#### REQUIRED ACTION
Omit all pictures, and print word for word only the lines from the one containing "Packaging of Dirty" through the end of the data.

#### DATA SEGMENT
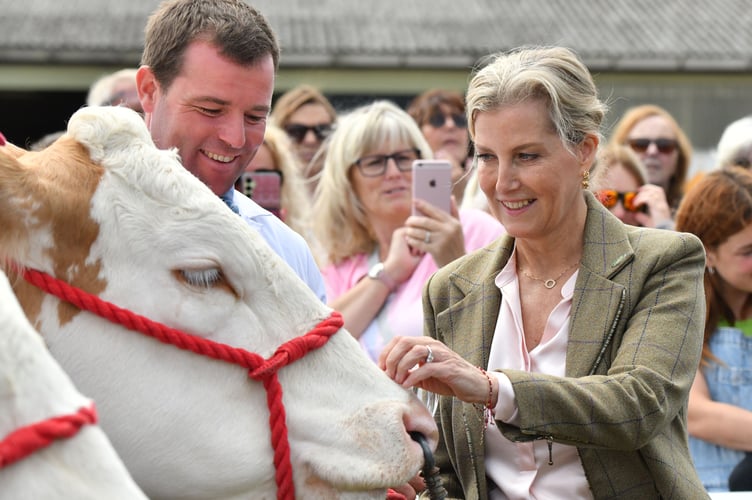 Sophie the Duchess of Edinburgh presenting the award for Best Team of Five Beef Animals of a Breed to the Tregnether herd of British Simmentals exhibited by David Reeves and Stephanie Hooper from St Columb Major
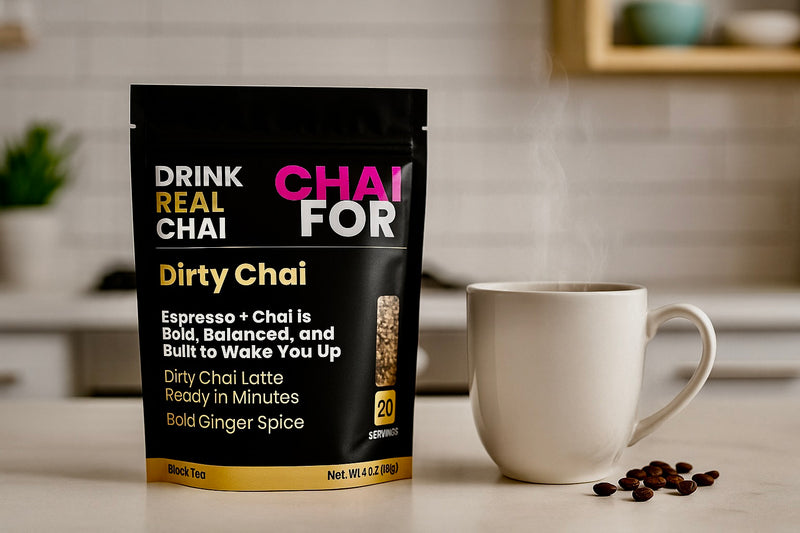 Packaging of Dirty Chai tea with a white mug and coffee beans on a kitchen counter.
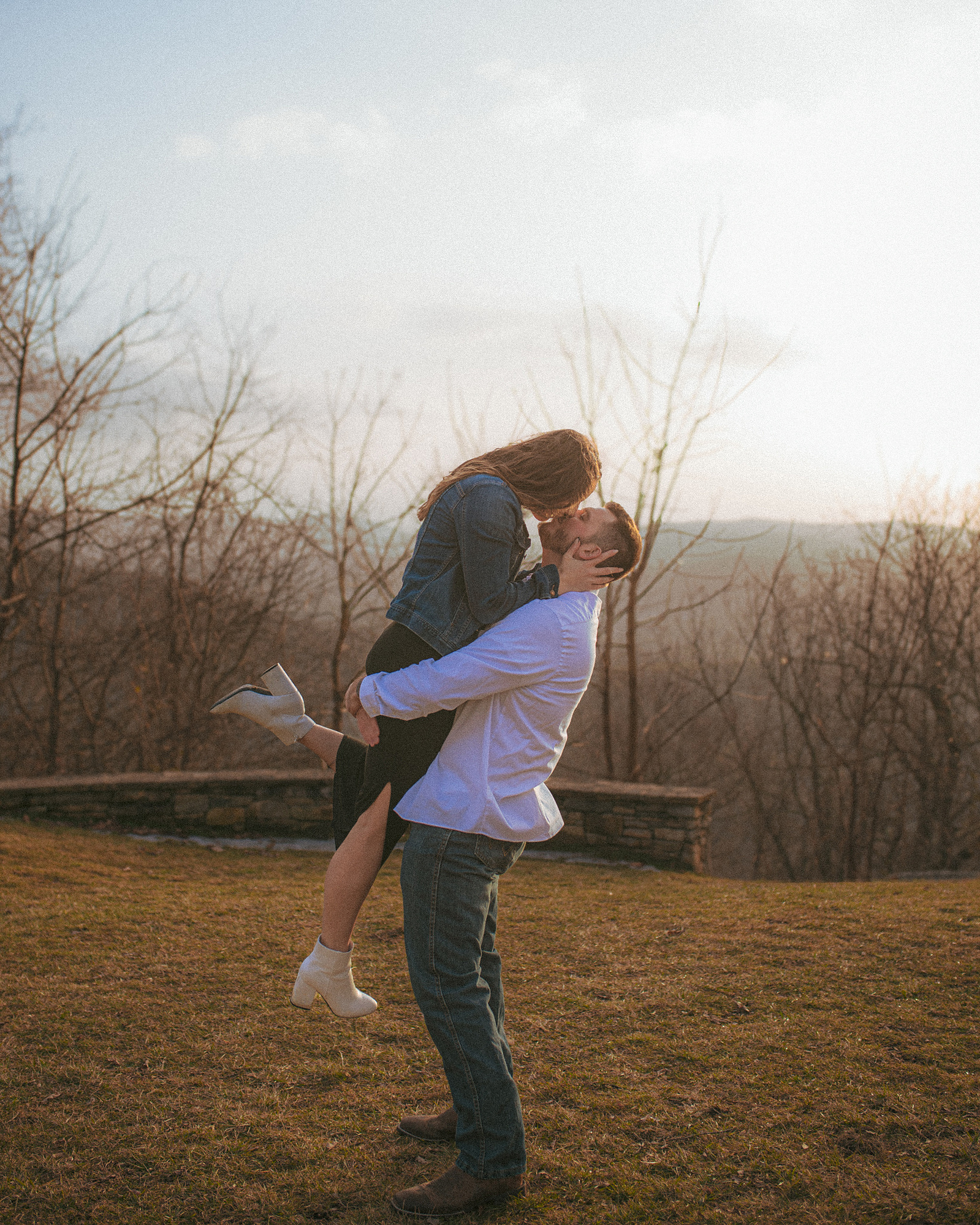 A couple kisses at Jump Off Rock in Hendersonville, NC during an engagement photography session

#### ANSWER TO THE EXERCISE
 Packaging of Dirty Chai tea with a white mug and coffee beans on a kitchen counter.
 A couple kisses at Jump Off Rock in Hendersonville, NC during an engagement photography session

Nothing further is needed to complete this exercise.